Characterization of children infected with HIV due to mother-to-child transmission in hospitals in Lima, Peru

10.17843/rpmesp.2020.374.4816
BRIEF REPORT

 

Characterization of children infected with HIV due to mother-to-child transmission in hospitals in Lima, Peru

 

Carlos Velásquez-Vásquez 1, Medical doctor; Specialist in Pediatrics
Marcos Espinola-Sánchez 1,2, Medical doctor; Master in Reasoning and Clinical Practice 0000-0002-1005-5158

1 Instituto Nacional Materno Perinatal, Lima, Perú.
2 Universidad Privada del Norte, Lima, Perú

 


INTRODUCTION

Mother-to-child transmission (MTCT) of human immunodeficiency virus (HIV) is the leading cause of virus transmission in children under 15. The mechanisms of MTCT are now well known, as well as the care protocols and prophylactic treatment schemes for pregnant woman with HIV and child exposed to the virus (1,2).

Care of pregnant women with HIV and prevention of MTCT are found in Technical Standard 108‑MINSA/DGSP "Prevention of mother-to-child transmission of HIV and syphilis" of 2014. It describes the processes of early diagnosis of the disease in pregnant women, antiretroviral treatment, measures for the completion of delivery and care of the exposed child (3).

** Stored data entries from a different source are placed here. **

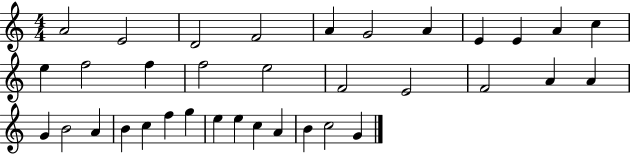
A4/h E4/h D4/h F4/h A4/q G4/h A4/q E4/q E4/q A4/q C5/q E5/q F5/h F5/q F5/h E5/h F4/h E4/h F4/h A4/q A4/q G4/q B4/h A4/q B4/q C5/q F5/q G5/q E5/q E5/q C5/q A4/q B4/q C5/h G4/q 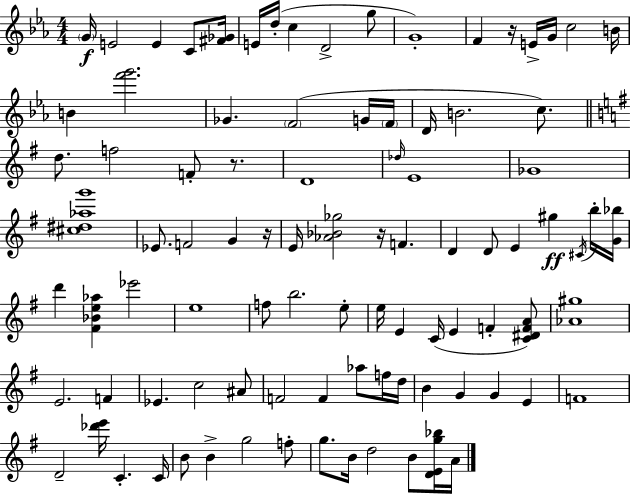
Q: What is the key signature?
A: EES major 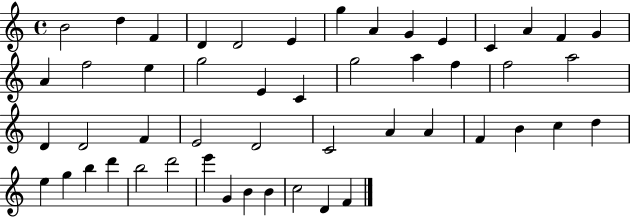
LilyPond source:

{
  \clef treble
  \time 4/4
  \defaultTimeSignature
  \key c \major
  b'2 d''4 f'4 | d'4 d'2 e'4 | g''4 a'4 g'4 e'4 | c'4 a'4 f'4 g'4 | \break a'4 f''2 e''4 | g''2 e'4 c'4 | g''2 a''4 f''4 | f''2 a''2 | \break d'4 d'2 f'4 | e'2 d'2 | c'2 a'4 a'4 | f'4 b'4 c''4 d''4 | \break e''4 g''4 b''4 d'''4 | b''2 d'''2 | e'''4 g'4 b'4 b'4 | c''2 d'4 f'4 | \break \bar "|."
} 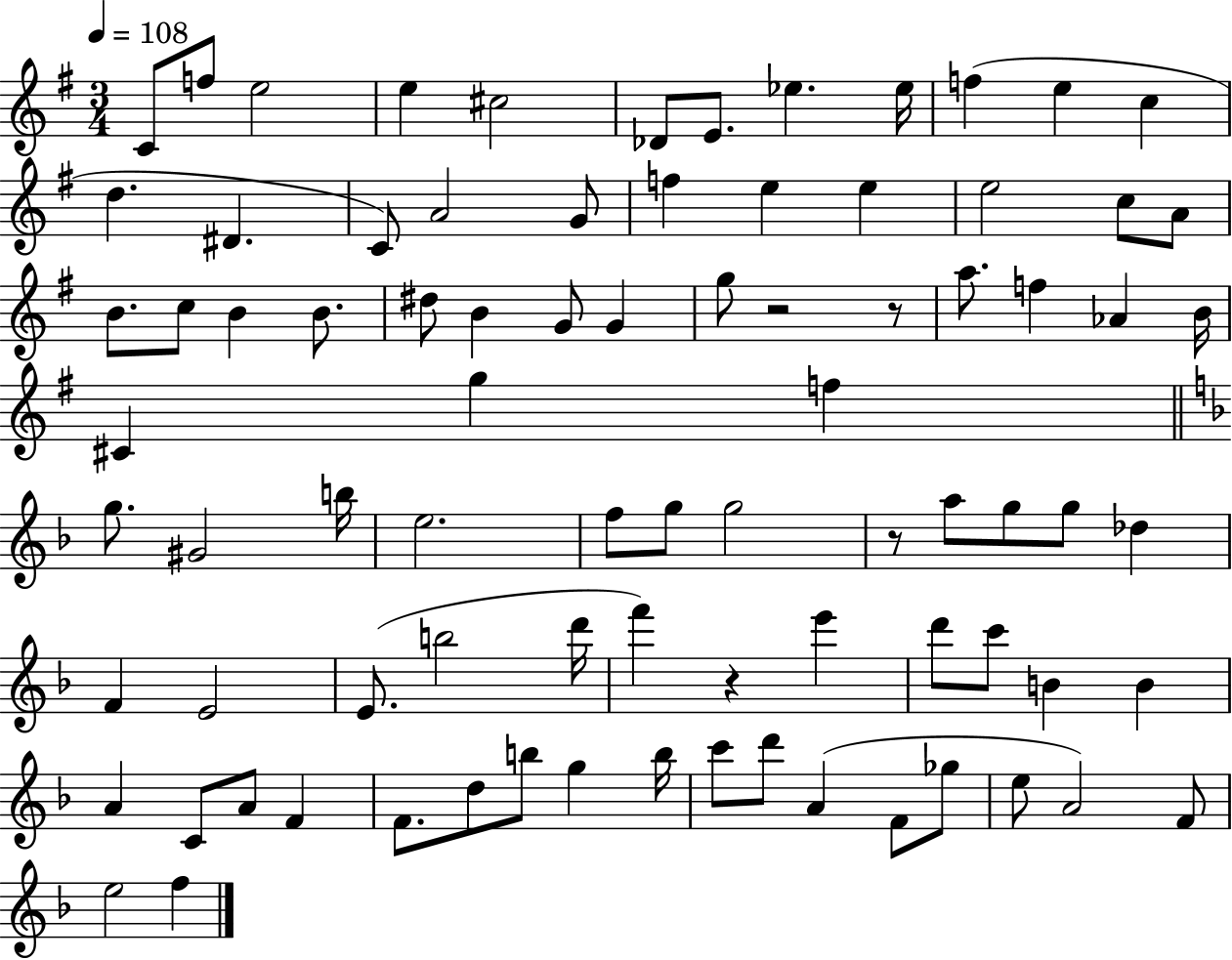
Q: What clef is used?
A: treble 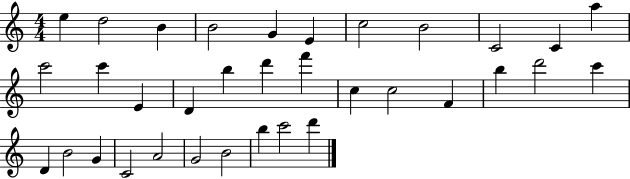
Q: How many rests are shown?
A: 0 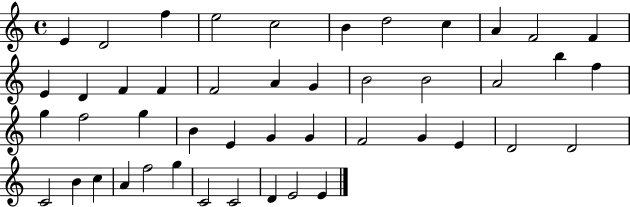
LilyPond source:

{
  \clef treble
  \time 4/4
  \defaultTimeSignature
  \key c \major
  e'4 d'2 f''4 | e''2 c''2 | b'4 d''2 c''4 | a'4 f'2 f'4 | \break e'4 d'4 f'4 f'4 | f'2 a'4 g'4 | b'2 b'2 | a'2 b''4 f''4 | \break g''4 f''2 g''4 | b'4 e'4 g'4 g'4 | f'2 g'4 e'4 | d'2 d'2 | \break c'2 b'4 c''4 | a'4 f''2 g''4 | c'2 c'2 | d'4 e'2 e'4 | \break \bar "|."
} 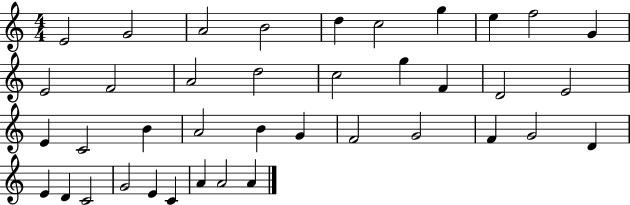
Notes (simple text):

E4/h G4/h A4/h B4/h D5/q C5/h G5/q E5/q F5/h G4/q E4/h F4/h A4/h D5/h C5/h G5/q F4/q D4/h E4/h E4/q C4/h B4/q A4/h B4/q G4/q F4/h G4/h F4/q G4/h D4/q E4/q D4/q C4/h G4/h E4/q C4/q A4/q A4/h A4/q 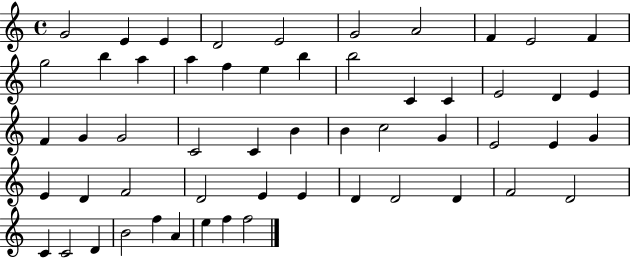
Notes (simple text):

G4/h E4/q E4/q D4/h E4/h G4/h A4/h F4/q E4/h F4/q G5/h B5/q A5/q A5/q F5/q E5/q B5/q B5/h C4/q C4/q E4/h D4/q E4/q F4/q G4/q G4/h C4/h C4/q B4/q B4/q C5/h G4/q E4/h E4/q G4/q E4/q D4/q F4/h D4/h E4/q E4/q D4/q D4/h D4/q F4/h D4/h C4/q C4/h D4/q B4/h F5/q A4/q E5/q F5/q F5/h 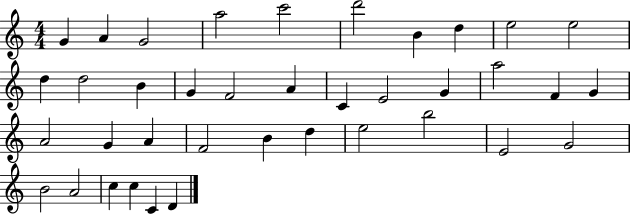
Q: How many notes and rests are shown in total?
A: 38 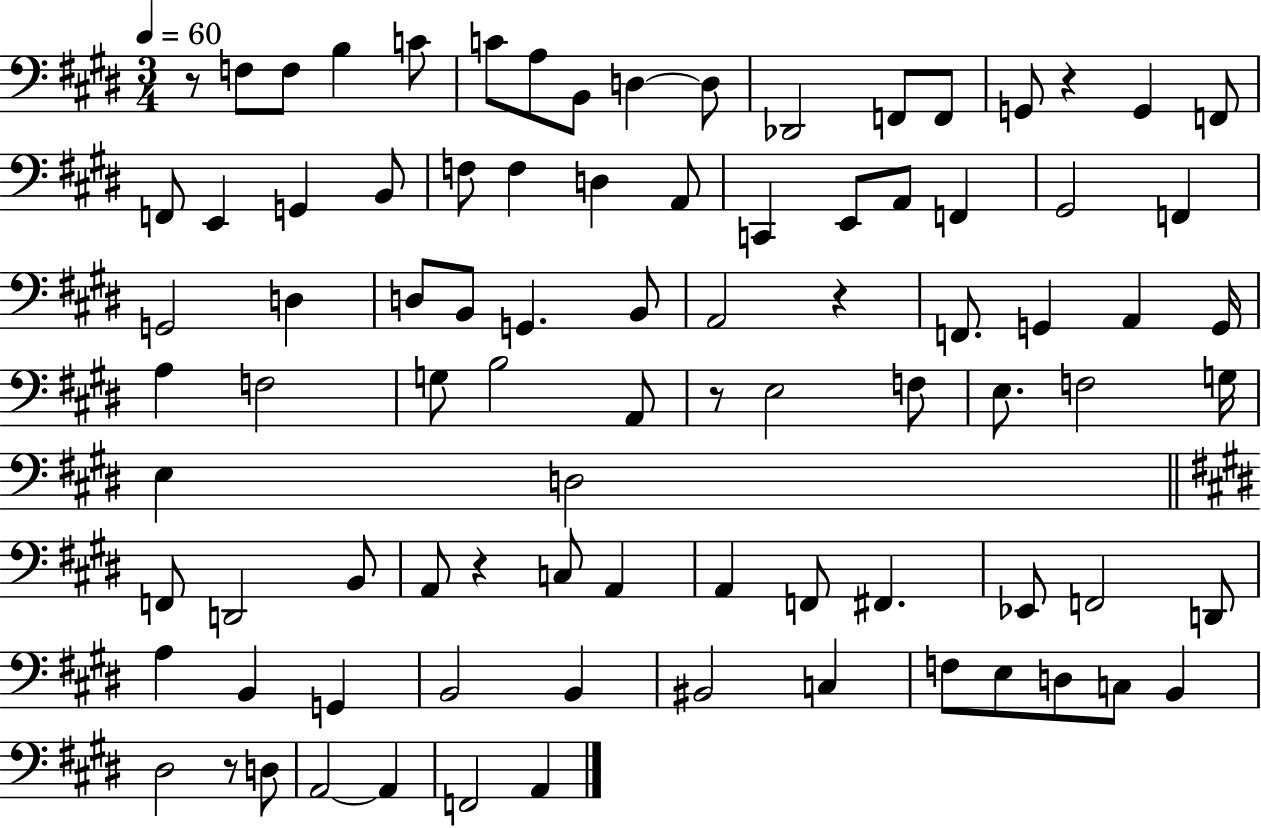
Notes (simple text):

R/e F3/e F3/e B3/q C4/e C4/e A3/e B2/e D3/q D3/e Db2/h F2/e F2/e G2/e R/q G2/q F2/e F2/e E2/q G2/q B2/e F3/e F3/q D3/q A2/e C2/q E2/e A2/e F2/q G#2/h F2/q G2/h D3/q D3/e B2/e G2/q. B2/e A2/h R/q F2/e. G2/q A2/q G2/s A3/q F3/h G3/e B3/h A2/e R/e E3/h F3/e E3/e. F3/h G3/s E3/q D3/h F2/e D2/h B2/e A2/e R/q C3/e A2/q A2/q F2/e F#2/q. Eb2/e F2/h D2/e A3/q B2/q G2/q B2/h B2/q BIS2/h C3/q F3/e E3/e D3/e C3/e B2/q D#3/h R/e D3/e A2/h A2/q F2/h A2/q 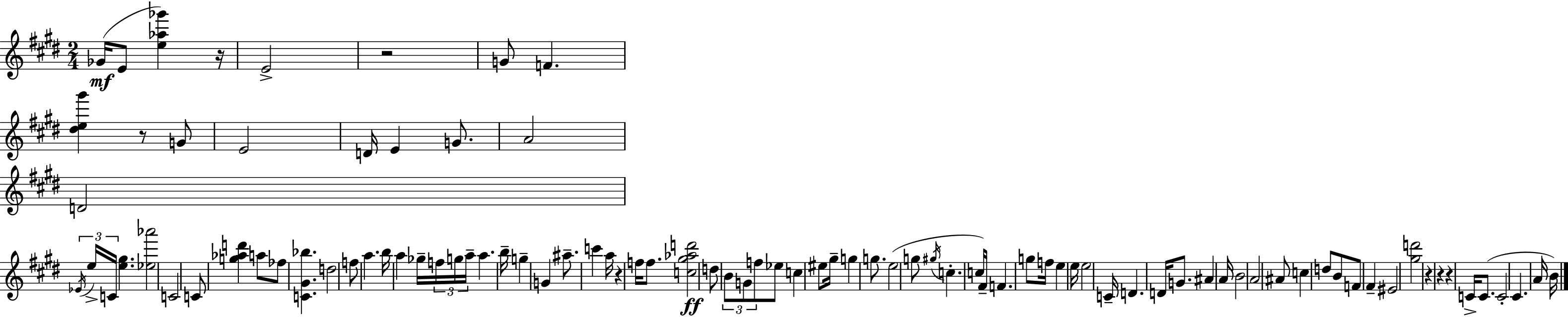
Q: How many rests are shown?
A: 7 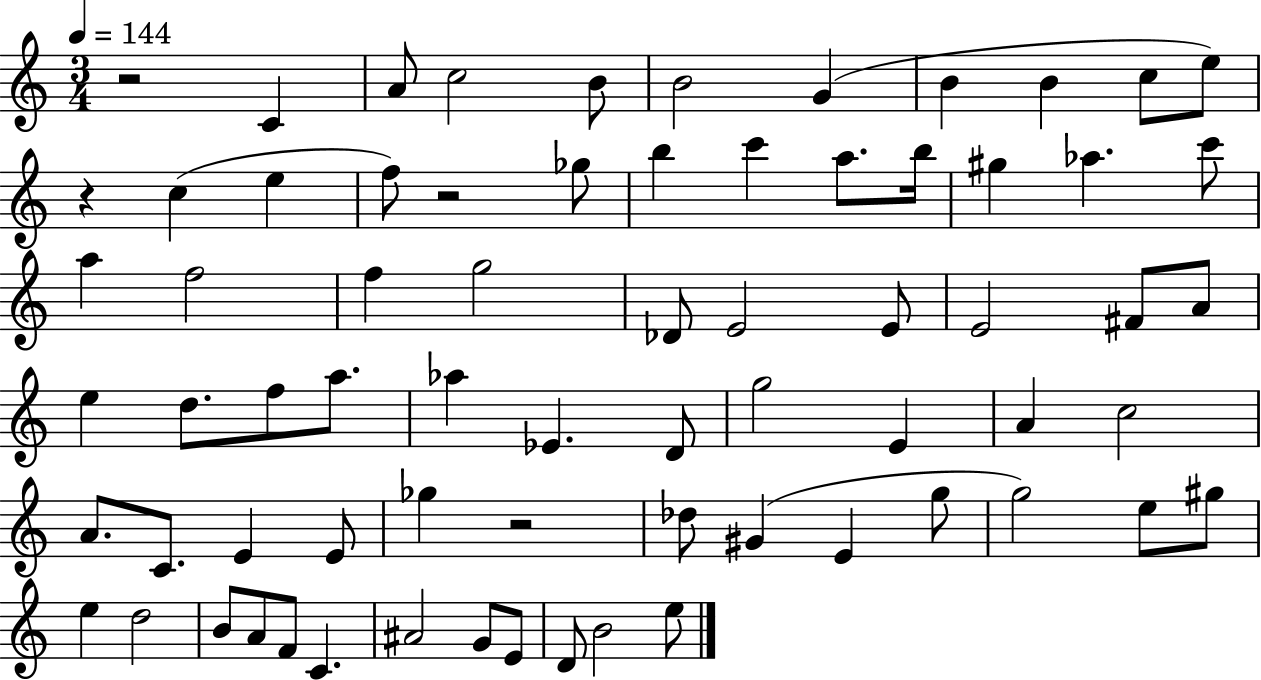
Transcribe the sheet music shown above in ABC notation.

X:1
T:Untitled
M:3/4
L:1/4
K:C
z2 C A/2 c2 B/2 B2 G B B c/2 e/2 z c e f/2 z2 _g/2 b c' a/2 b/4 ^g _a c'/2 a f2 f g2 _D/2 E2 E/2 E2 ^F/2 A/2 e d/2 f/2 a/2 _a _E D/2 g2 E A c2 A/2 C/2 E E/2 _g z2 _d/2 ^G E g/2 g2 e/2 ^g/2 e d2 B/2 A/2 F/2 C ^A2 G/2 E/2 D/2 B2 e/2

However, there is still a transmission incidence of approximately 4% according to information obtained from Dirección de Prevención y Control del VIH, ITS y Hepatitis (DPVIH) and Centro Nacional de Epidemiología, Prevención y Control de Enfermedades (CDC MINSA), far from the goal proposed by the World Health Organization, which is less than 2% (4).

There are national studies that measure the outcome of implementing the national standard for prevention of MTCT of HIV, as well as the number of children infected with HIV in the country (5,6). In contrast, little is known about children’s health status in hospitals where they receive treatment with the NTS 102 - MINSA/DGSP.V.01 "Technical Health Standard for Comprehensive Care and Antiretroviral Treatment of Children and Adolescents infected with the Human Immunodeficiency Virus (HIV)" of 2013, which describes the national protocols for care and treatment (7). Understanding this situation would identify gaps and help propose solutions to ensure the proper management of children with HIV.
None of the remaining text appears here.